Abstract The Gene Expression Collection allows you to process, analyze, visualize, annotate, and report on gene expression experiments, including the individual target genes. Core functionality is based on BioConductor - - the open source and open development software project for the analysis and comprehension of genomic data.

By harnessing the graphical protocol building capabilities of SciTegic Pipeline Pilot, the Gene Expression Collection allows you to construct complex BioConductor-based workflows without writing code, while also making it easy for you to couple Gene Expression analysis with other SciTegic Pipeline Pilot-based processes, such as sequence analysis (see G6G Abstract Number 20069) and reporting. Products features/capabilities include:

With the Gene Expression Collection you can:

1) Analyze and annotate gene expression experiments.

2) Use BioConductor tools without programming in R, the well-known public domain package for statistical computing and graphics on which BioConductor is based.

3) Easily create protocols to compare different analysis methods.

4) Integrate R/BioConductor analyses with analyses conducted with other SciTegic Pipeline Pilot Collections, including the R Statistics and Text Analytics Collections (see G6G Abstract Number 20063).

5) Create comprehensive reports containing elements from both R graphics and the Reporting Collection.

Experiment Readers -- Affymetrix® and Agilent experiments can be read and processed using several BioConductor packages (affy, affyPLM, plier, limma). Processing includes background correction, normalization, and summarization.

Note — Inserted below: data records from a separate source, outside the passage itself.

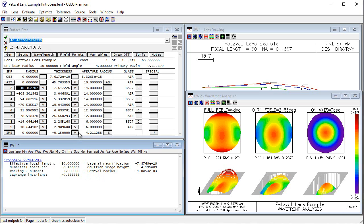Core functionality in Oslo, of course, is optical analysis, including tolerance analysis, and the layout and design of optical systems, such as optimization. We have multiple local and global optimizers built into Oslo.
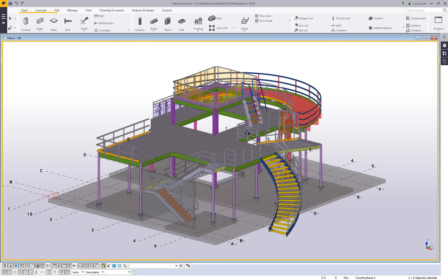Hello and welcome to this presentation. My name is Lee Snyder, the product manager for the steel segment here at Trimble, and what I'll be showing today is a new command called the quick launch which is available in Tecla Structures version 2016.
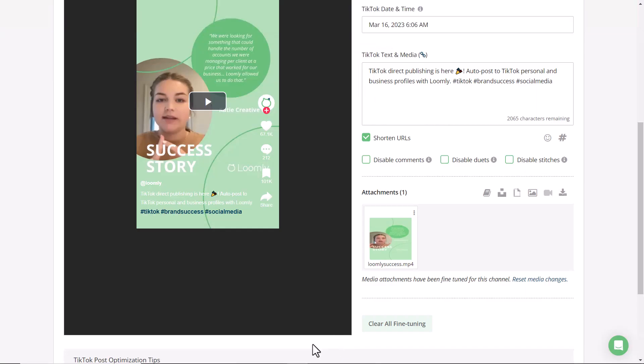Loomly also allows you to customize other settings, including disabling comments, duets, and stitches.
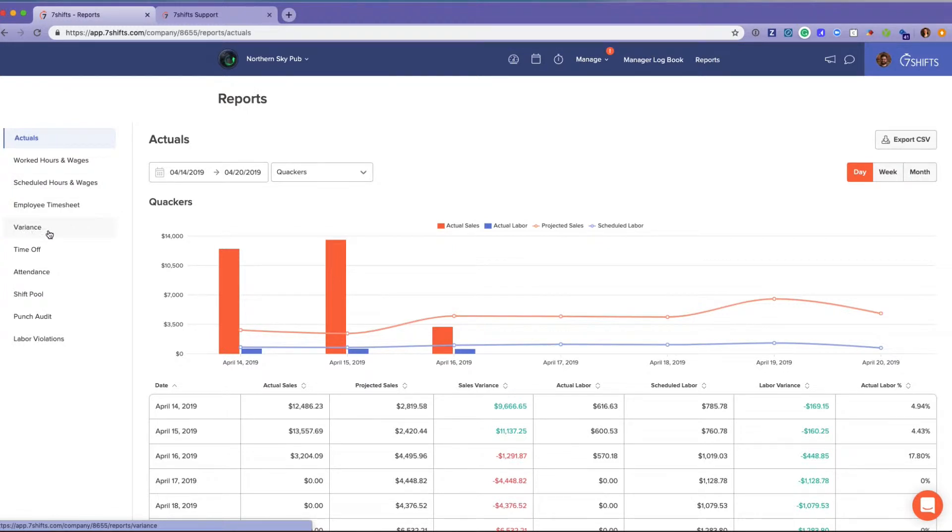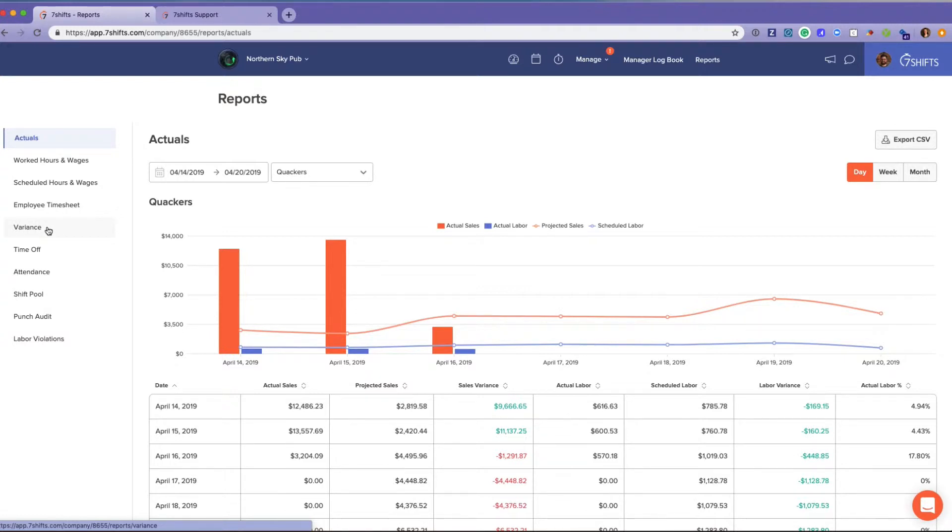The variance report you will be able to access if you have the POS labor integration or are using Seven Punches. That gives you the difference between your scheduled versus your actual hours. Employee timesheet access is a setting in the company settings if you want to provide it to them.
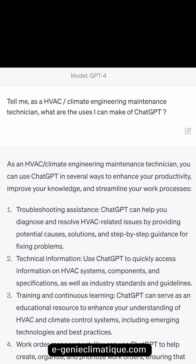Tell me, as an HVAC Climate Engineering Maintenance Technician, what are the uses I can make of ChatGPT? As an HVAC Climate Engineering Maintenance Technician, you can use ChatGPT in several ways to enhance your productivity, improve your knowledge, and streamline your work processes.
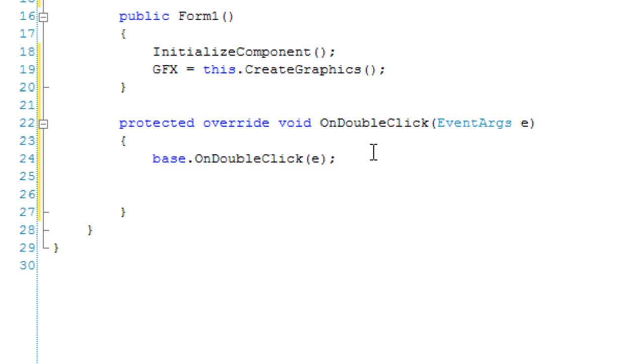I've got an image in my debug directory called check.png, and I'm going to draw that to the form.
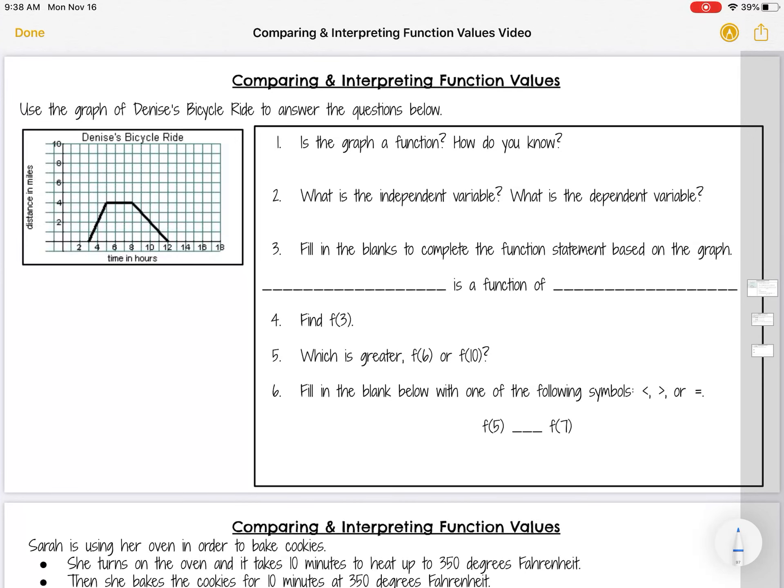Hello, Algebra 1 students. In this video, I'm going to be going over how to compare and interpret function values in different scenarios, including graphs and equations.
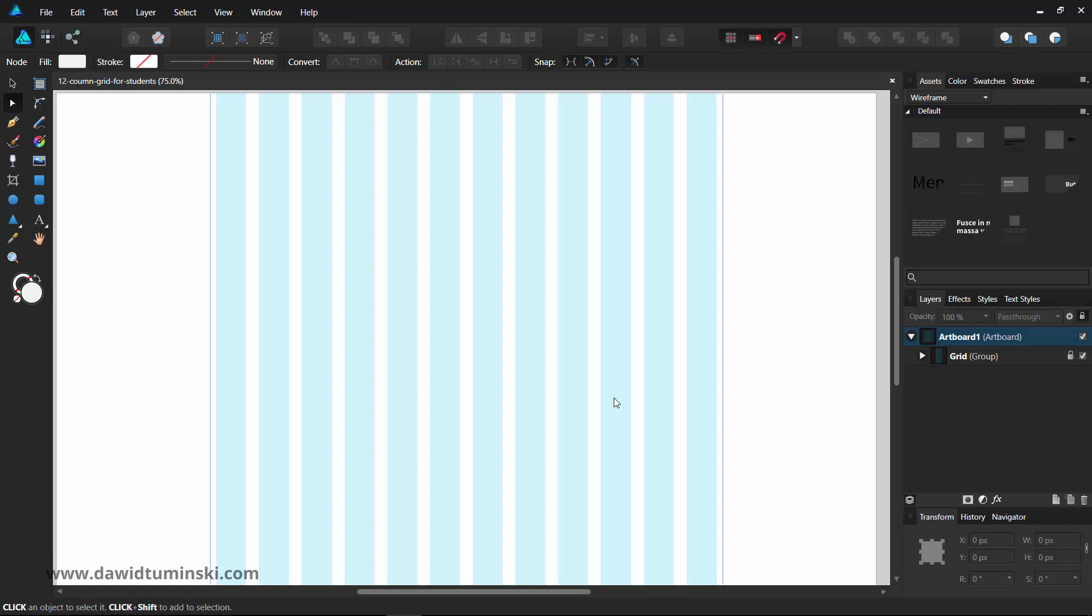In this video, we will take a look at how to practically use your assets to create a wireframe. The process is super easy and enjoyable. I'd recommend using a grid as a base for your wireframe. It's a good idea to simulate a real-life web design scenario when creating a wireframe.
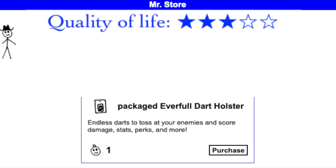Dart effects can be used to help wherever needed at the time, whether item drop, meat drop, or stats. You can also use the bullseye strategically to save adventures. I rate it 3 out of 5 stars for quality of life.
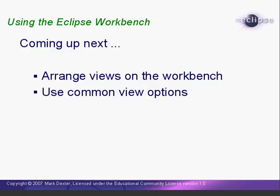We're off to a great start with the workbench. We've learned how to use the edit area and configure it in a variety of ways. In the next lesson, we'll learn how to arrange views on the workbench and then look at some common view options. This is the end of lesson one. I'm Mark Dexter saying so long for now.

Excel experiment readers can import data directly from existing spreadsheets. GEO and SOFT readers enable processing of data from NCBI’s Gene Expression Omnibus (see G6G Abstract Number 20013).

Experiment Analysis -- Fold change and pairwise differential expression are quickly calculated for full experiments using Student’s t-test or Wilcoxon tests with optional control for multiple comparisons. Gene subsets can be defined based on calculations or annotations -- all without copying or cloning data.

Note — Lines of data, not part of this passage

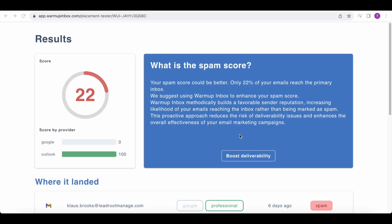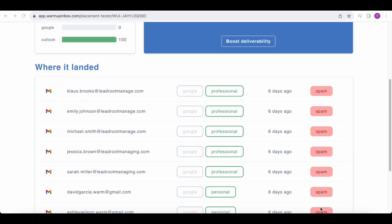But now let's take a look at an inbox with a much lower reputation score. Here we can see that with a reputation score of just 22%, all of our emails sent to Gmail addresses landed in the spam box, where they're very unlikely to be read.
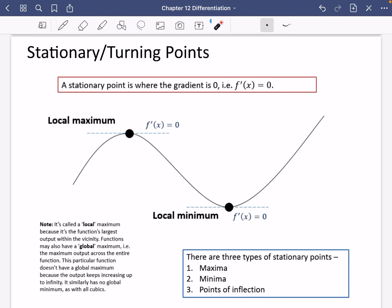Next up is stationary or turning points. You've come across this idea of turning points at GCSE, where you would look at quadratics at the bottom or the top part of that arch or dip. Stationary just means that it is where it's not moving, or it has a gradient of zero. A stationary point is where the gradient is zero, i.e. the first derivative is equal to zero.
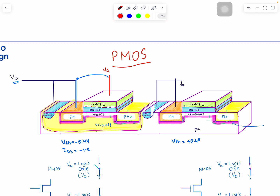Gate-to-source voltage is negative and drain-to-source voltage is negative because the drain is at lower potential. For PMOS, just think it's always opposite in polarity to NMOS, because of holes and the need to attract them. In NMOS, source is connected to ground; in PMOS, source is always the terminal connected to the supply voltage — the higher voltage.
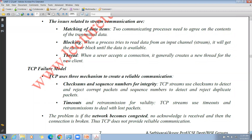The third issue is threading — when a server accepts a connection from a client, it generally creates a new thread for the new client. These are the issues with TCP stream communication.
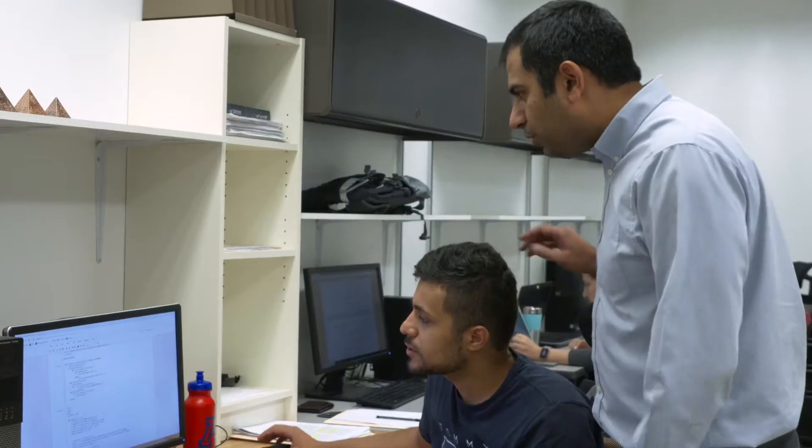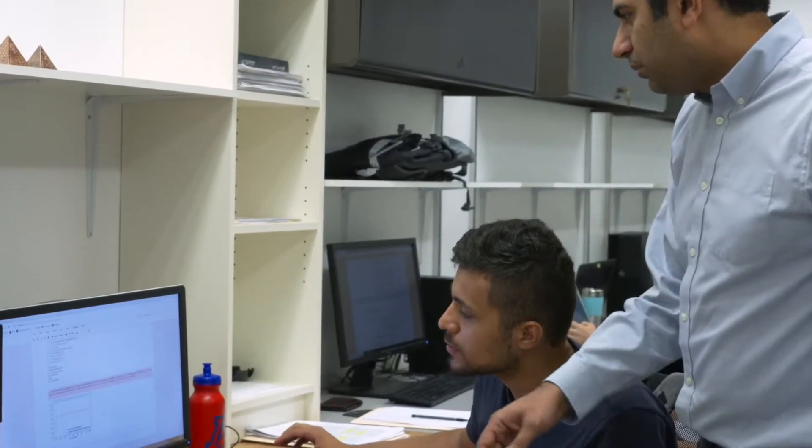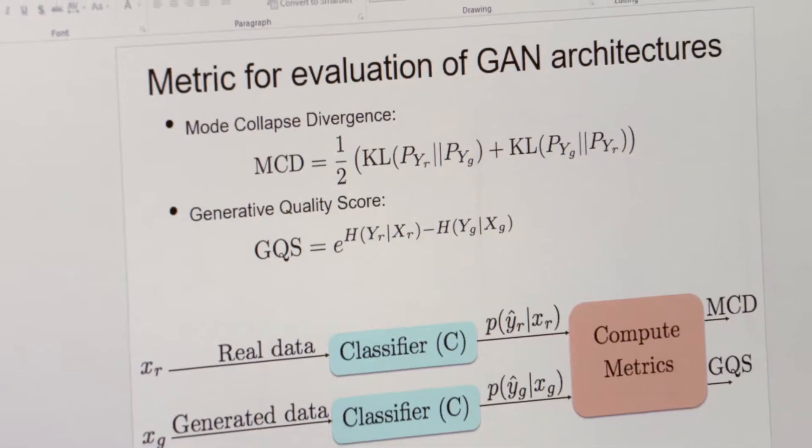Hi, my name is Ravi Tandon. I'm an assistant professor in the Department of Electrical and Computer Engineering at the University of Arizona. My research interests are in the area of information and coding theory with applications to wireless communications, machine learning, distributed computing, and security and privacy.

Subsets can also be defined using generic components like Outlier Filter or Top N Filter. Set operations (e.g., union, intersection, and subtraction) can be performed on existing subsets. Clustering components, including hierarchical and k-means, are also provided.

Data Manipulators -- Gene expression experiments can be quite large. Once a subset of interesting genes has been identified, the irrelevant portions of the experiment can be removed from the experiment record, greatly speeding up downstream processing. Additionally, individual genes can be extracted, leading to easy integration with the Sequence Analysis Collection.

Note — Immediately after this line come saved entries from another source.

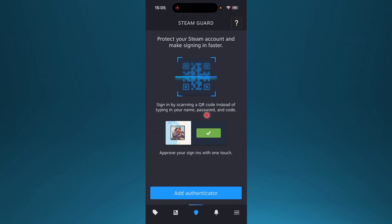Hey guys, in this video we're going to go over how to allow Steam to access camera on your iPhone.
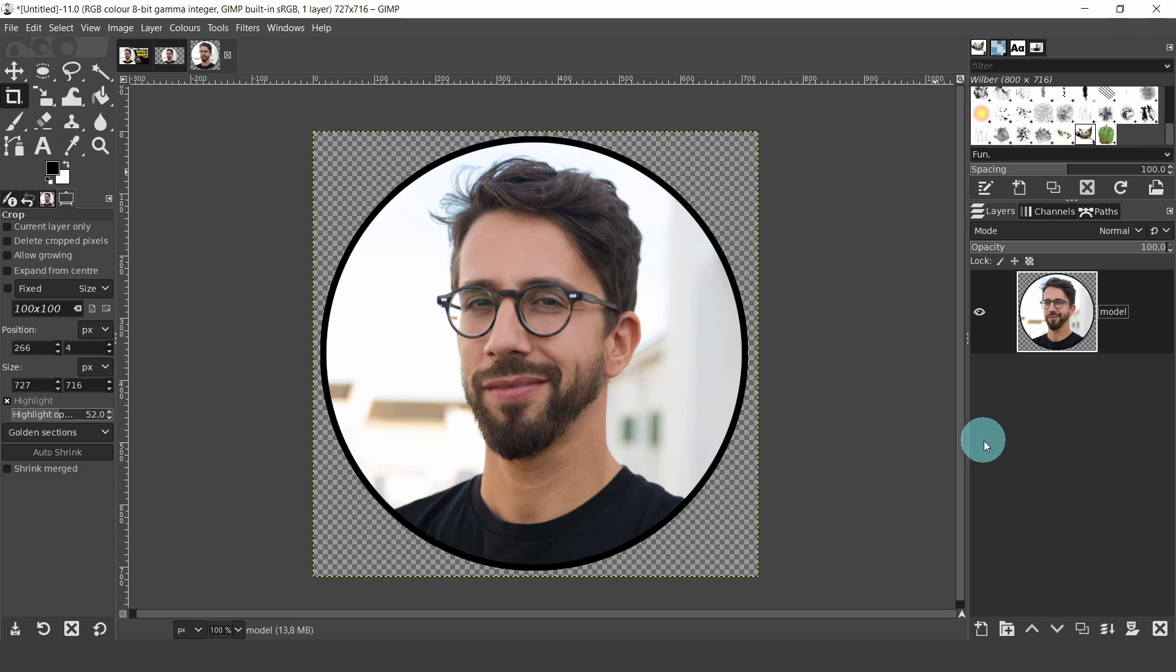Now all you need to do is export your image in a PNG format. This will keep the transparency. We'll wrap up here. I hope you found this video helpful and I'll see you in the next video. Enjoy.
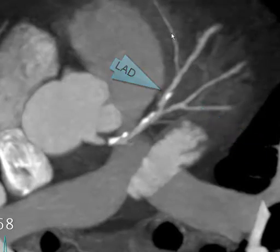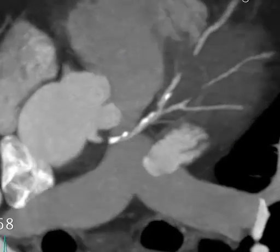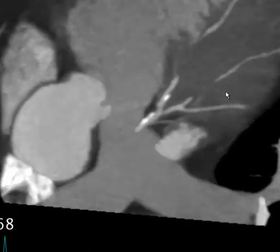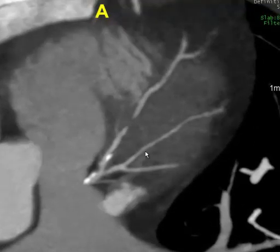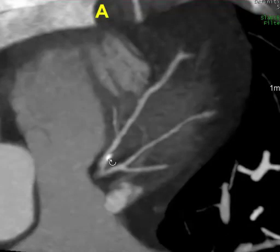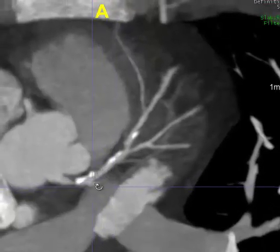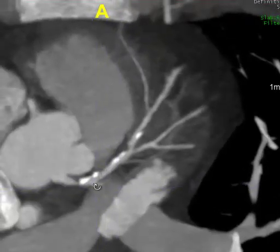Here's a large right ventricular marginal branch arising from the LAD, and again a large bifurcating diagonal vessel just here. No significant disease is noted of this element. However, as we go out further and further, we see that this is a large apical wraparound vessel.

Results Annotators -- Annotations [e.g., descriptions, pathway identifiers, and Gene Ontology (GO) terms] can be added using vendor provided data via BioConductor’s annaffy package. In addition, annotations can be imported from existing flat files.

Viewers and Reporting Tools -- Use BioConductor graphics or create your own graphics and reports using SciTegic Pipeline Pilot’s Reporting Collection. While BioConductor provides sophisticated plots and charts, they can be difficult to configure and use.

The Gene Expression Collection makes it easy to use these standard BioConductor reporting capabilities, while also giving you the option to implement additional data views using the Reporting Collection. This gives you more control over display features, including hyperlinks and tooltips. Supplied components include heat maps, annotated tables, and parallel coordinate plots.

Integration with Other SciTegic Pipeline Pilot Collections -- The components in the Gene Expression Collection are designed to work seamlessly with components from existing collections, including the Sequence Analysis, R Statistics, Data Modeling, and Chemistry (via pathways) Collections.